I had given up trying to make a service as I couldn't figure out babysitting and church timing. Suddenly, with all three in classes, I had a window. At 8:50, halfway down a slope, I called the Catholic church nearby and learned there was a service at 9AM. Was it ridiculous to try to make it? Blame it on my liberal guilt complex, but something about dropping off of a ski slope and into such a service also felt a little hypocritical. Yet something else in me nudged me towards the service - why not? Even if I was late, I told myself, I could at least absorb some silence and quiet in a church and reflect on Ash Wednesday's meaning. I dropped Sophia off at the CLC. 9:11AM. As I ran back to my house in full ski regalia - uphill - I couldn't help wondering to myself, "Why I am running back to the house, for the only free moments I will have today, to hop in my car, race into town to a church I have never attended, to have a priest basically say to me while putting ashes on my forehead, "You are going to die someday. Really. You are going to be like the dust someday. Dead."

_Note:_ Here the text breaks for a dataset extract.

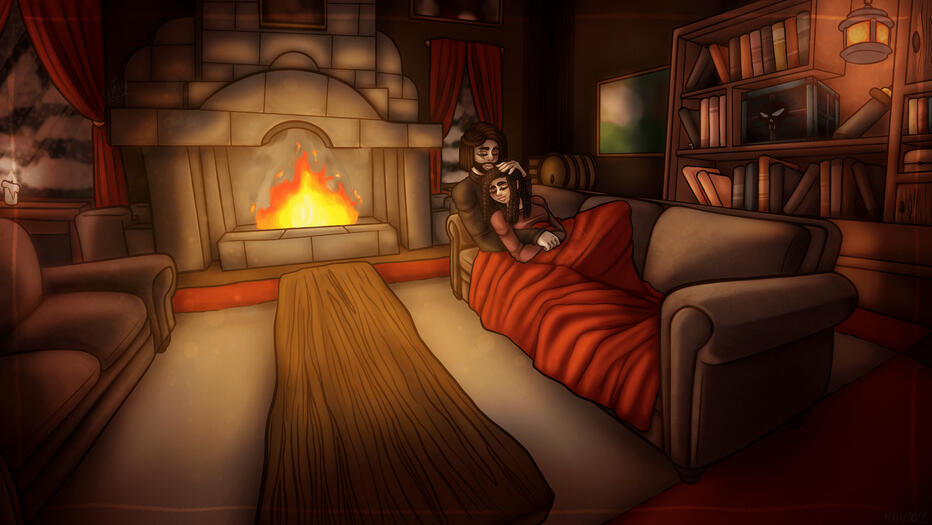 &quot;Night time Cuddles&quot; COMMISSION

I couldn't turn around. It was like a magnetic pull. I arrived at 9:21. I had missed only a bit because of a scheduling glitch at the church. Many thought the service was at 9:30, so the priest slowed everything down. Deep breath.

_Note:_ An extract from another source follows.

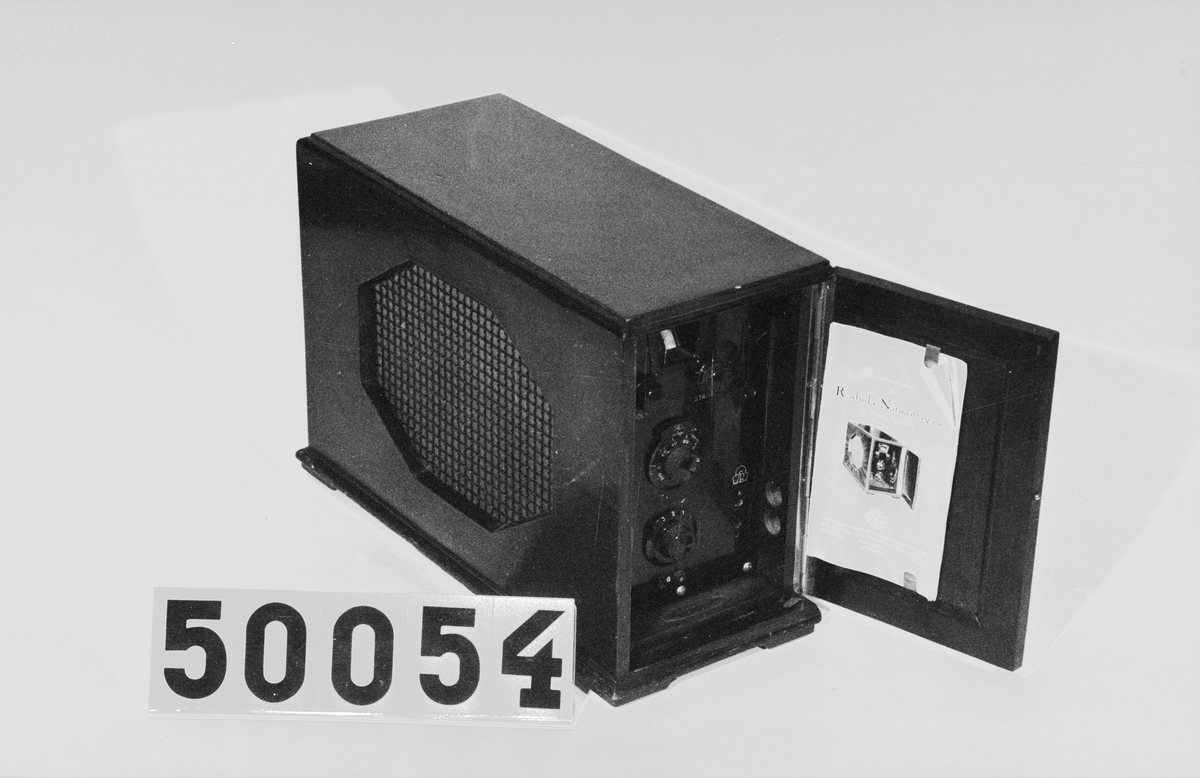 Radiomottagare Radiola 313 L, nr CL 2224.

And then, of course, I realize why I am there. As the priest puts the ashes on my forehead, "Remember that you are dust, and to dust you shall return," I remember putting the ashes of my mother's remains into the earth a little over two years ago. This is real. Death will happen, someday. On that day we stood around a small grave, and not really knowing what to do, my father held out the bag of ashes to my daughter and said, "Isabelle, you go first." I turned to my dad and said, "Dad, how about you go first this time, ok?" Neither I nor Isabelle knew "how" to put the ashes in there - was there some protocol? We had thought through many of the details of her funeral, but none of us had thought about this part. To our surprise, my dad looks at the bag, plunges his bare hand in, takes a handful of my mother's ashes out, and sprinkles them in the grave. We each do the same. What I had thought would be a little gruesome was anything but. It was as close to my mother's physical presence as any of us was ever going to get again. It felt.....right. As we all threw the ashes in the grave, plumes of dust arose and settled on us, our jackets, our umbrellas. Again, It felt right. I never wanted to wash my hand again.

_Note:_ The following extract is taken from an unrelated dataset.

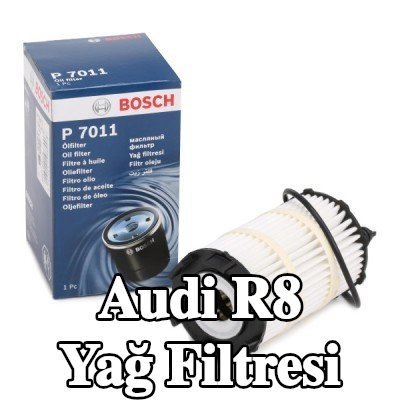BOSCH Yağ filtresi — Audi R8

As I approached the priest this morning and those memories surfaced, I wept, and I thought, "Oh my God, it really is all going to end. It ended for my mother, it will end for me, someday, too." We are, each of us, going to die. In traditional Christian language this is reason for great repentance now. Ash Wednesday, and the Lenten season it ushers in, calls us to turn again to God, to loving our neighbor as ourselves, to doing acts of loving-kindness, to working for justice. Many fast today, and some engage in forms of self-denial, both ways of opening space inside to meditate upon all of this. I will do this too, in my own way.

Yet immediately upon the heels of that fear - almost terror - of dying, something else even more powerful welled up. I felt deep, deep thanksgiving for life. It is when you walk right up to your own mortality, or the mortality of those you love, that you know what and for whom you live and love. If you are lucky, you feel the grace of God so deeply that you know that even when it seems like it is all over, it isn't, because we are all resting in the palm of God's hand, now and forever. Yes, there is a need for introspection and repenting - I don't want to minimize that. But my tradition also promises a Love that will hold us all forever, in life and in death.

And then it becomes pretty hard to sweat the small stuff. You realize that when your four year old son wakes you up at 5:44AM trying to put his ski clothes on because he wants to be the first one on the slopes, you should thank your lucky stars. For him, for your family, for life, and, when it ends, please God a long time from now, for that great Love that will carry you there.